Keeping the shape of plant tissue for visualizing metabolite features in segmentation and correlation analysis of imaging mass spectrometry in Asparagus officinalis



Matrix-assisted laser desorption/ionization−imaging mass spectrometry (MALDI−IMS) is a powerful approach for visualizing the localization of metabolites.


A method to keep the shape of plant tissue needs to be developed for MALDI−IMS.


The method was developed using transfer tape and double-sided conductive tape.


MALDI−IMS analysis using the developed method enabled to perform segmentation and correlation analysis of mass features.


This proof-of-concept study showed that rutin localizes in the epidermis, developing tissue, and protoxylem in Asparagus officinalis.


Specialized metabolites (previously called secondary metabolites) are significant natural products that are associated with certain species and accumulate in specific tissues and organs of plants. Previously, these metabolites were recognized as the byproducts of primary metabolites and were considered irrelevant (Hartmann 2007). However, recent phytochemical genomics studies have shown that they have important biological functions (Field et al. 2006; Massalha et al. 2017; Tohge et al. 2018). Comparative analysis of transcriptomics and metabolomics in transformants/mutants, which over-accumulate or lack certain metabolites by editing biosynthetic genes, can be used for identifying the functions of metabolites in plants (Nakabayashi et al. 2014). To identify biosynthetic genes responsible for specialized metabolites, understanding the association of metabolite accumulation with gene expression at certain parts is important (Saito 2013). However, this step for identifying the localization of the metabolites is time consuming. Therefore, new approaches need to be developed to reduce the time required.
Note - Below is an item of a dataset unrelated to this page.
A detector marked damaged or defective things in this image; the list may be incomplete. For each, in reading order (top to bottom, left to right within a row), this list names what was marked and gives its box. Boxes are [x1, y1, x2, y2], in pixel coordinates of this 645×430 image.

Matrix-assisted laser desorption/ionization−imaging mass spectrometry (MALDI−IMS) is a powerful approach for visualizing the localization of metabolites and is used in sections of organisms (Dong et al. 2016; Fujimura and Miura 2014; Lee et al. 2012; Sarabia et al. 2018; Sturtevant et al. 2016). Recently, this approach has been applied to identify the localization of specialized metabolites in plants (Enomoto et al. 2018; Jarvis et al. 2017; Li et al. 2014; Shiono et al. 2017). One of the major challenges of MALDI−IMS is to keep plant tissue shapes during the preparation of sections. Plant tissues contain large amounts of water. A freeze-dried process is necessary to remove the water content from sections placed on glass slides. This process results in peeling the section from the slide using typical methods. Overcoming this problem may improve regional analysis via MALDI−IMS.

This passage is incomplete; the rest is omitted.